Kocaman harflerle “EVLEN BENİMLE!” yazdım.Gülümseyerek ona gösterirken anlamayarak bana bakıyordu.Biliyorum biz zaten evliyiz.”DÜŞÜNMEM LAZIM?” yazılıydı defterde.Gülerek bana uzatırken sahte bir kızgınlıkla ona baktım.Sana evlenme teklifi ettim adam kabul etmeme gibi lüksün yok.

“SANA HER SABAH KAHVALTI HAZIRLARIM.” Yazdım.Beyefendi teklifi beğenmemiş olmalı ki “BAŞKA?” yazdı.

“2 ÇOCUK” yazdım bende.Bunu okurken gülümsedi.Eliyle 3 diye gösterdi.Oha. Hayır anlamında kafamı salladım.Gözlerini devirerek bana baktı.Hadi ama 3 fazla.Küçük çocuk gibi kafasını başka yere çevirdi.Peki tamam tamam 3

“PEKİ 3 OLSUN.” Yazdım deftere.Sinsice bana güldü ve hasta haliyle bana cevap yetiştirmeye devam etti “BAŞKA?”.  Daha ne istiyorsun sevgili kocam?

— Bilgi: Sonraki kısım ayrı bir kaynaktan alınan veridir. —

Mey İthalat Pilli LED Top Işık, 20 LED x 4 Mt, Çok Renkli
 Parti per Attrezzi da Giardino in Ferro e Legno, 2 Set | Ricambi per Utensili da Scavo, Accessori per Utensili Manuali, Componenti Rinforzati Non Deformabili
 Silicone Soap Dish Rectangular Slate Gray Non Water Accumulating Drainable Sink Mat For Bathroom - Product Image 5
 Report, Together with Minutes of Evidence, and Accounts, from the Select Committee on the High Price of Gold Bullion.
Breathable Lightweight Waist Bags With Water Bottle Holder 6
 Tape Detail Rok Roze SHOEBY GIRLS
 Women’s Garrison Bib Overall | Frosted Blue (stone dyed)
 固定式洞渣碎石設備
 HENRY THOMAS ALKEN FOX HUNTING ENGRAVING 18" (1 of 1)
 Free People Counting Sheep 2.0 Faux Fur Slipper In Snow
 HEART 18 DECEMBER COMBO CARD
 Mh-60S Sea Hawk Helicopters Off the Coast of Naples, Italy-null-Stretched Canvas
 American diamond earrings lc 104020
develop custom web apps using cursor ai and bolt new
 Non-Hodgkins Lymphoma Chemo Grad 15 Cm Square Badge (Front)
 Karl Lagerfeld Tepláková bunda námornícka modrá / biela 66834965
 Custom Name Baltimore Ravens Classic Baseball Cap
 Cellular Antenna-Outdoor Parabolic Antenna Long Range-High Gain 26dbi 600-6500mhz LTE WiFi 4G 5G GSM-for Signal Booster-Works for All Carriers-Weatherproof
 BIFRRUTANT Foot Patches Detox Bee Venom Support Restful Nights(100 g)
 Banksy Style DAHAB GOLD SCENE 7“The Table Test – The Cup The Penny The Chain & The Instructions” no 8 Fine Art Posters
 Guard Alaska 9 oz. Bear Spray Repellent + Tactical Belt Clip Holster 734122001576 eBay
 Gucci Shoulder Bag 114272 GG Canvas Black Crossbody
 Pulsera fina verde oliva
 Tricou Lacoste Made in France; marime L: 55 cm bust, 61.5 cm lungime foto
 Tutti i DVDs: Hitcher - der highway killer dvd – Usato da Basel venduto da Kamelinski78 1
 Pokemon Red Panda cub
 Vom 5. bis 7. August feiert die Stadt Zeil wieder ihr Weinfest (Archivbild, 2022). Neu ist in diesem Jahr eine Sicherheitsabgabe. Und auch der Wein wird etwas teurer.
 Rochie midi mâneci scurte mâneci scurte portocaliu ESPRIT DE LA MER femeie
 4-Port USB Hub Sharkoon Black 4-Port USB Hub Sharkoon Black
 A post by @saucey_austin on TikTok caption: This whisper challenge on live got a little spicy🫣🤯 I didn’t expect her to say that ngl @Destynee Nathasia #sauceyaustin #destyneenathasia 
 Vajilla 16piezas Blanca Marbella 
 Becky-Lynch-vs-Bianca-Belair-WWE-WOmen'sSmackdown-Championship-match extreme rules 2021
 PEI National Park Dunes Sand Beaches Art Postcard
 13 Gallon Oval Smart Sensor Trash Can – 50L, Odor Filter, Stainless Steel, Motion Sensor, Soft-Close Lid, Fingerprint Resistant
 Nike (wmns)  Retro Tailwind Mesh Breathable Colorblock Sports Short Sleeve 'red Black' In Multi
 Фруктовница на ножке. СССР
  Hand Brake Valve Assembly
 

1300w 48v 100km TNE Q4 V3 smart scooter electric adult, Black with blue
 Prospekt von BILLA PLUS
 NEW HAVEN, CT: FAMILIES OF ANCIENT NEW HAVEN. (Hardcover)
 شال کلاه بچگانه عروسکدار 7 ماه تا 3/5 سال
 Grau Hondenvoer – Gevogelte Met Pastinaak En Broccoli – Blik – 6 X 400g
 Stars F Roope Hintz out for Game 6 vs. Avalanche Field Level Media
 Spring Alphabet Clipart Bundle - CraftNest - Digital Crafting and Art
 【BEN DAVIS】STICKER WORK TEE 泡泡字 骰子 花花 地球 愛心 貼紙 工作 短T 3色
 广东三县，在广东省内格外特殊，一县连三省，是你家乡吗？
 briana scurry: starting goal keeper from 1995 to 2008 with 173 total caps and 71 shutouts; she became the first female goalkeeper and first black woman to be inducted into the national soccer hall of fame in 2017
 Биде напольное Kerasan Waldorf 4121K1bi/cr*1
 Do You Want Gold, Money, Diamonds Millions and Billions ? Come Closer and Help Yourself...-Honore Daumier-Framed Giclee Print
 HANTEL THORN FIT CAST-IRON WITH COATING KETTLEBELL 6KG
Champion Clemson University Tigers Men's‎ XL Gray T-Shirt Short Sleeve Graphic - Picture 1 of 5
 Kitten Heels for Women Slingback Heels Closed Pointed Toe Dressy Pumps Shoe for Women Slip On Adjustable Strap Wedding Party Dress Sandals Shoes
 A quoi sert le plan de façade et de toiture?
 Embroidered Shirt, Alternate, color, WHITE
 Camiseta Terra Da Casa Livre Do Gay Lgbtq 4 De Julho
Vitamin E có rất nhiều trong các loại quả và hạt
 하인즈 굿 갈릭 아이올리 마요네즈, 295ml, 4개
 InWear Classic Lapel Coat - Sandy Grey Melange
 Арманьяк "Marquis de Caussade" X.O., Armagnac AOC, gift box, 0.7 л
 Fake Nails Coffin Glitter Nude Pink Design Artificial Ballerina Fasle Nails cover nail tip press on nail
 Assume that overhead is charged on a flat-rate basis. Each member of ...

“BİRDE SENİ ÇOK SEVERİM.” Yazıp ona okuttum.Artık kabul etmiş olacak ki.Onaylarmışcasına bana gülümsedi.Benim aklım 3 çocuktaydı.Neyse buradan çıkalım bir tekrar konuşuruz.Elimi yüzündeki yara izlerinde gezdirdim.Tam yanağına küçük bir öpücük kondurmuştum ki April odaya daldı.

“Ama sıra bizde.” Diye söylendi.Sonradan April’ı durdurmaya çalışan Elijah odaya girdi.Kızına sahte bir kızgınlıkla baktı.

“Bu yaptığın hiç hoş değil April.” Dedi Elijah.

“Ama baba bende görmek istiyorum.” Dedi.Küçük velet ya bende iyi anlaşmaya başlamıştık sanıyordum.Odadan çıkmadan önce Klaus’a tekrar baktım.

“Seni Seviyorum.” Dedim sessizce.Dudak hareketlerimi okumasını umut ediyordum.